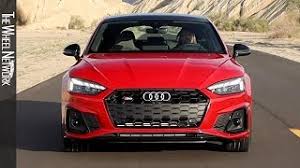 Image result for Tango Red 2021 S5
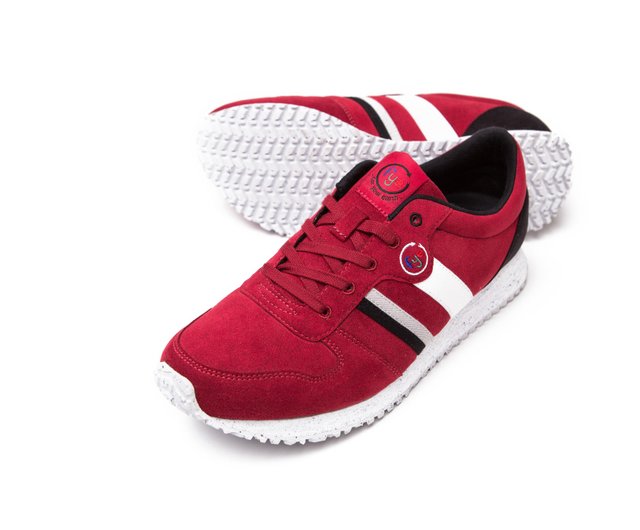 eco friendly skate shoes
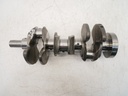 MTD-483711-1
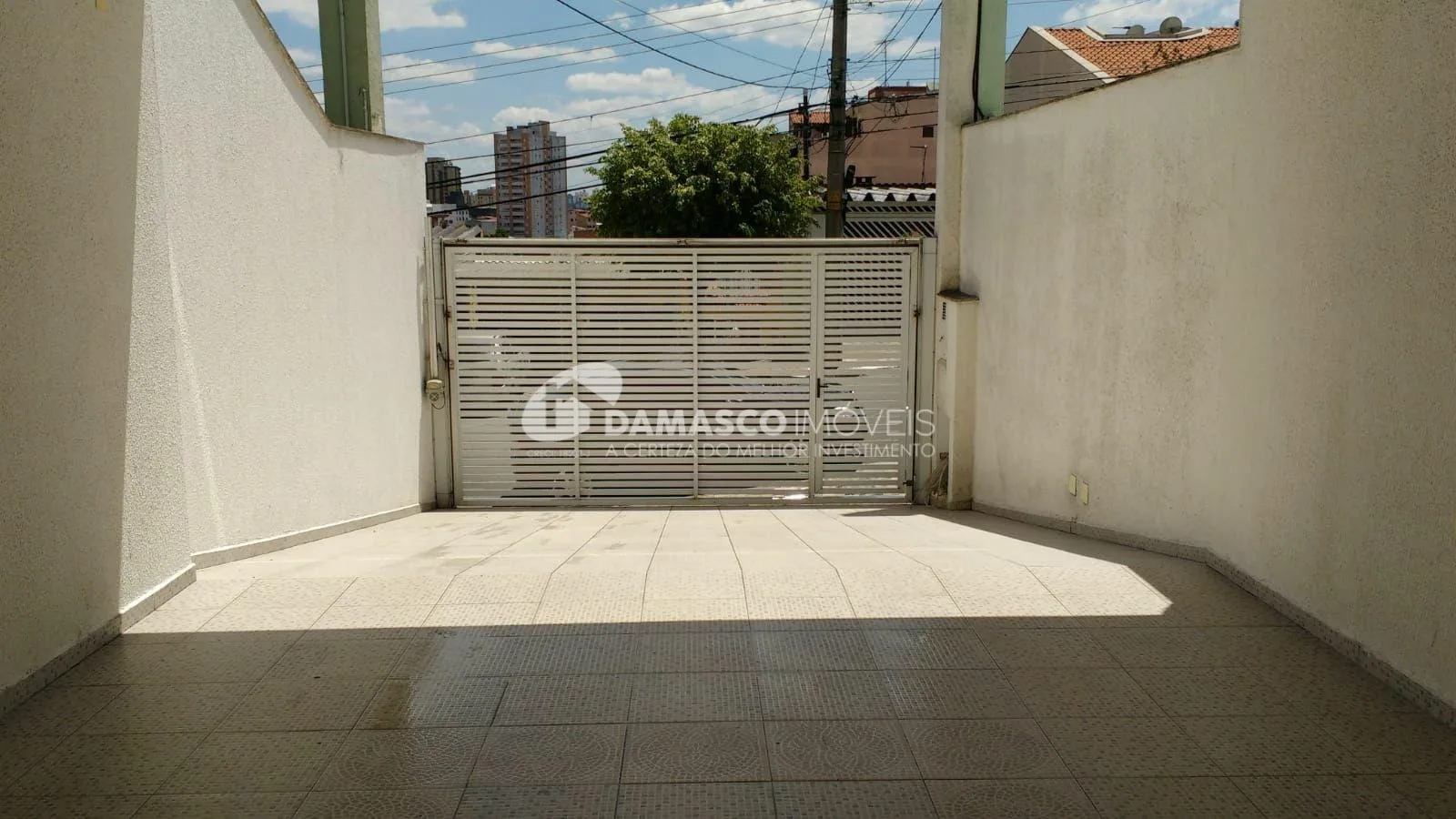 Sobrado à venda 4 Quartos, 2 Suites, 4 Vagas, 360M², Barcelona, São Caetano do Sul - SP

Task to complete:
Excluding pictures, reproduce the listing above exactly as it stands.

Response to this exercise:
 Image result for Tango Red 2021 S5
 eco friendly skate shoes
 MTD-483711-1
 Sobrado à venda 4 Quartos, 2 Suites, 4 Vagas, 360M², Barcelona, São Caetano do Sul - SP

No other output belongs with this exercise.